PROBLEM TO SOLVE: Leaving pictures out, repeat word for word the line that has "hearthstone secret mage decks" and each line that follows it to the end of the listing.

DATA EXTRACT: Begin

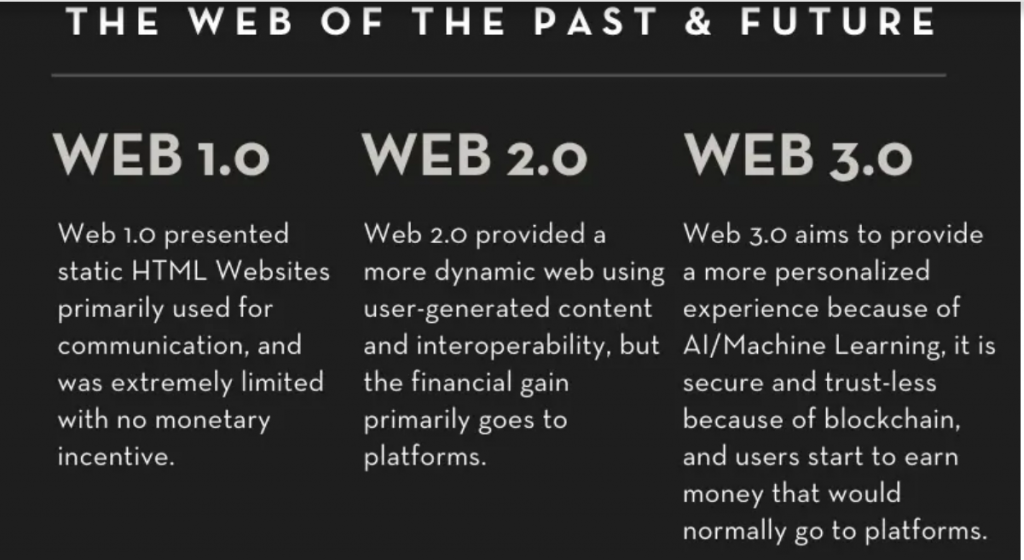Difference between Web1 Web2 Web3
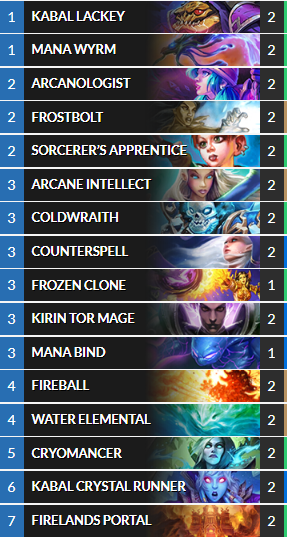 hearthstone secret mage decks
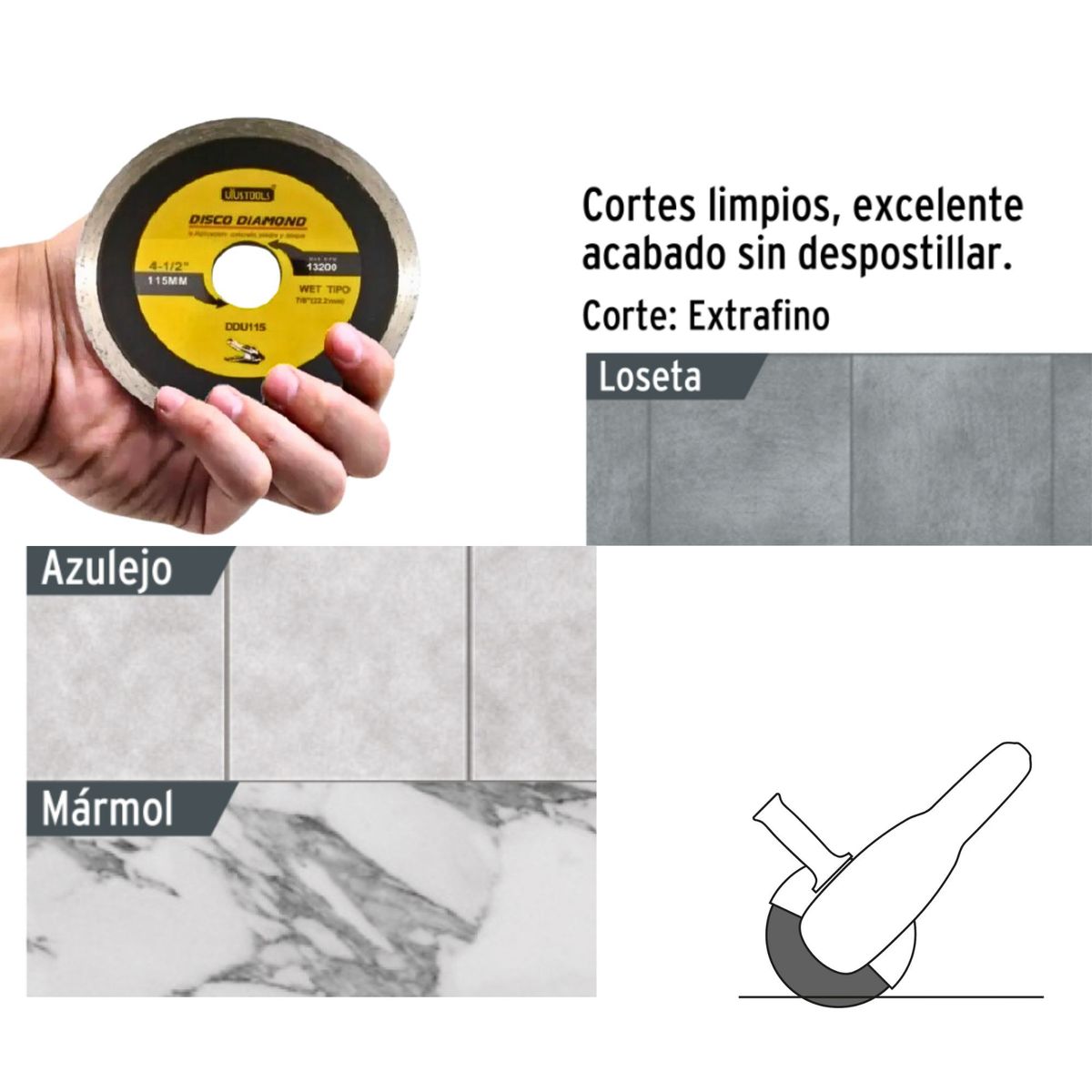 UYUSTOOLS - Disco Diamantado Continuo Liso-Húmedo corte Cerámico 4 1/2"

DATA EXTRACT: End

EXERCISE RESPONSE:
 hearthstone secret mage decks
 UYUSTOOLS - Disco Diamantado Continuo Liso-Húmedo corte Cerámico 4 1/2"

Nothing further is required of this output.